Tightening the reins
Bank Negara’s decision to designate all cryptocurrency exchanges as “reporting institutions” under Amla beginning 2018 is the first notable move to regulate the world of cryptocurrencies in Malaysia.
This initiative, announced ahead of the release of the official guidelines, is predominantly aimed at preventing the abuse of the system for criminal and unlawful activities and ensuring the stability and integrity of the Malaysian financial system.
As “reporting institutions” under Amla, cryptocurrency exchanges will be required to undertake preventive measures to prevent their platforms from being used as a conduit for money laundering and terrorism financing activities. These preventive measures include conducting risk assessment; application of customer due diligence; submission of suspicious transaction report (STR) and cash threshold report; and maintenance and retention of records of transactions.
Violation of the Amla is punishable by fines, imprisonment, and freezing and seizure of assets.
While there is no conclusive proof that money laundering and terrorism financing goes through the trading of cryptocurrencies, some reports indicate that rogue parties are showing an increasing interest in cryptocurrencies.
On that note, Muhammad says the role of the financial sector as a bulwark against money laundering and terrorism financing had become even more critical, given the rise of fintech, which posted global investments totalling US$25bil (RM102.8bil) last year, compared with US$9bil in 2010.
“If this trend is anything to go by, the financial industry will be hard pressed to mitigate, identify and prevent cases of abuse in the system,” he says, adding that the fight against terrorism financing is an on-going battle that will continue to evolve in line with the ever-changing landscape of the financial industry.
“The financial system must always be in a state of readiness to identify and effectively prevent any emerging risk of terrorism financing,” he points out.
As in the case of all new technological innovations, the fear is that the bad guys will use it, says Paul Khoo, the founder and CEO of GetCover, an insurtech firm operating within Bank Negara’s fintech sandbox.
“Regulating exchanges ensures it is a good step to nip that in the bud and facilitate the growth of blockchain technologies that require the use of their own tokens,” Khoo says in reference to Bank Negara’s recently announced move on cryptocurrency exchanges.
Not good enough?
Bank Negara’s move to regulate cryptocurrency is in step with what some countries such as Australia, China and Japan had recently done, although Japan went a step further by issuing licences for exchanges as well.
But the question remains on the effectiveness of regulations on preventing the abuse of the cryptocurrency system by rogue parties.
An experienced crytocurrency trader says while exchanges can be regulated, it is going to be difficult to monitor all forms of trading.
“There will still be some lapses in the system that allow rogue parties to take advantage of... one has to note that fintech is constantly evolving at such a fast pace that it’s difficult for regulators to catch up,” the trader explains.
Meanwhile, another trader argues that the upcoming regulation on cryptocurrency in Malaysia may not be strong enough to prevent the abuse of the technology for criminal activities.
“From what is announced so far, we think Bank Negara’s regulation may not be strict enough because there is no requirement for the cryptocurrency exchanges to apply for licenses.
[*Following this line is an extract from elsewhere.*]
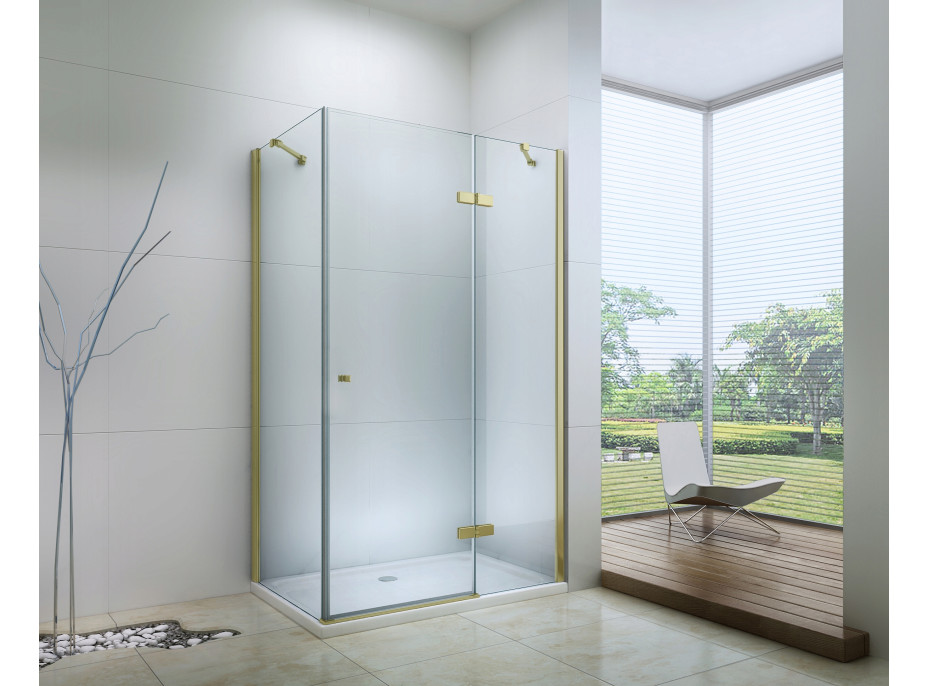 Sprchovací kút ROMA 100x70 cm - zlatý - číre sklo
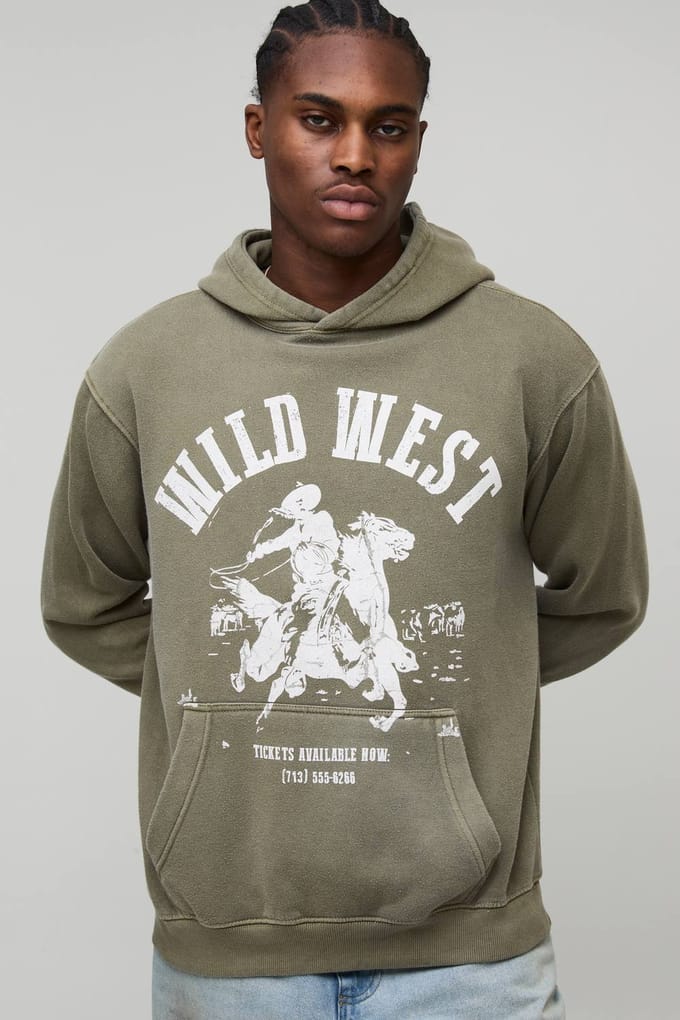 Gewassen kaki oversized boxy western bedrukte hoodie | Washed Khaki | Size Medium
Such requirement can perhaps give a legitimate identity to operators and compel them to play by the rules,” he explains.
Financial innovation produces many benefits for the financial system, but it can also be a double-edged sword that opens the door to illegal activities.
Efforts by regulators seem to be moving in the right direction. But at the end of the day, it is all about striking a delicate balance between consumer protection and innovation, so that technological development will not be stifled.